# Binary Classification Threshold Tuning

In this notebook we'll use another dataset to look at threshold tuning. We won't fall into the same trap as before and start retraining a model without a validation and test-set, but train one model and keep on using that.

## Import data and create model

You did this before, so the following code should give no surprises.

In [None]:
import numpy as np
import matplotlib.pyplot as plt
from sklearn.datasets import load_breast_cancer
from sklearn.linear_model import LogisticRegression
from sklearn.model_selection import train_test_split
from sklearn.metrics import (
    confusion_matrix, classification_report, roc_curve, auc
)

# Load dataset
data = load_breast_cancer()
X, y = data.data, data.target

# Split dataset
X_train, X_test, y_train, y_test = train_test_split(X, y, stratify=y, test_size=0.2, random_state=42)

# Fit model
model = LogisticRegression(max_iter=10000)
model.fit(X_train, y_train)

# Predict probabilities
probs = model.predict_proba(X_test)[:, 1]

## The ROC-curve

Plot the ROC-curve agian.

In [None]:
# Up to you!



This is a very good ROC-curve. The area under the curve is 1, which means the model is nearly perfect. But even so (perhaps especially so) it's a good idea to investigate which threshold is best for our use case.

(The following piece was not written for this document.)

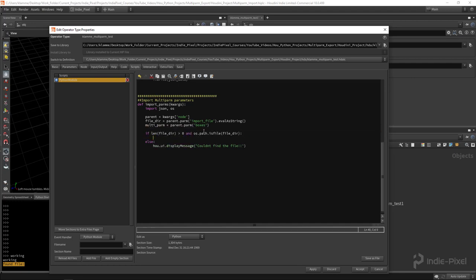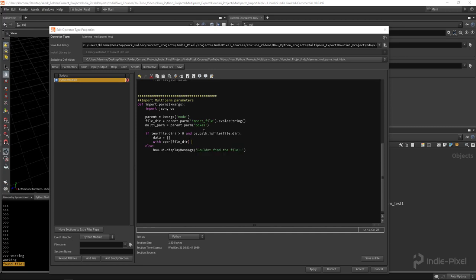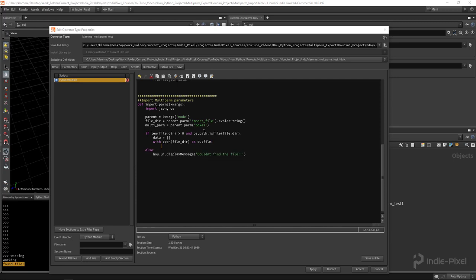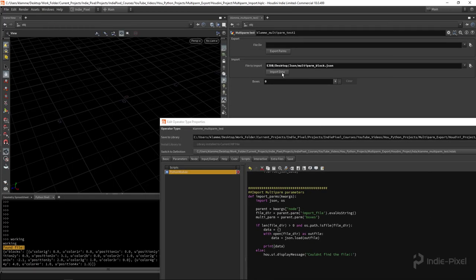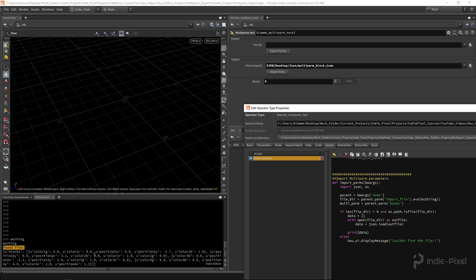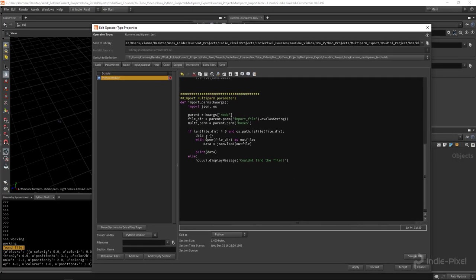The next step is to declare our data dictionary to hold everything from the JSON file, then open it and load the data. We do `with open(file_dir) as out_file:` and then `data = json.load(out_file)`. Let's print `data` to verify, hit apply, and test — we now have all that data back inside Houdini from the JSON file. Very cool.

Start with the following function.

In [None]:
# Function to evaluate threshold
def evaluate_threshold(threshold):
    y_pred_thresh = (probs >= threshold).astype(int)
    cm = confusion_matrix(y_test, y_pred_thresh)
    tn, fp, fn, tp = cm.ravel()

    sensitivity = tp / (tp + fn) if (tp + fn) > 0 else 0  # Recall
    specificity = tn / (tn + fp) if (tn + fp) > 0 else 0

    print(f"\nThreshold: {threshold:.2f}")
    # print("Confusion Matrix:")
    print(cm)
    print(f"Sensitivity (Recall): {sensitivity:.3f}")
    print(f"Specificity:          {specificity:.3f}")
    # print("\nClassification Report:")
    # print(classification_report(y_test, y_pred_thresh))


Try the following thresholds:

.15, .3, .5, .7, .9

In [None]:
# Up to you!



(you can uncomment the confusion matrix or the full report in the function if you'd like.) When you scroll through you'll notice how the precision goes down and the recall (or sensitivity) goes up. Remember we are working with a breast cancer dataset. We don't want to leave that untreated, but the treatment is also nothing to look forward to.

* Threshold 0.15: No false positives, 5 false negatives.
    * We won't start treating anybody who's not sick, but we send 5 women home without treatment.
* ...
* Threshold 0.90: 11 false positives, no false negatives.
    * We'll treat 11 healthy people, but nobody goes home with cancer.

Luckily this is not a decision an IT'er should make. It is something that should be well worked over with people who have a medical background (domain specialists, in other words).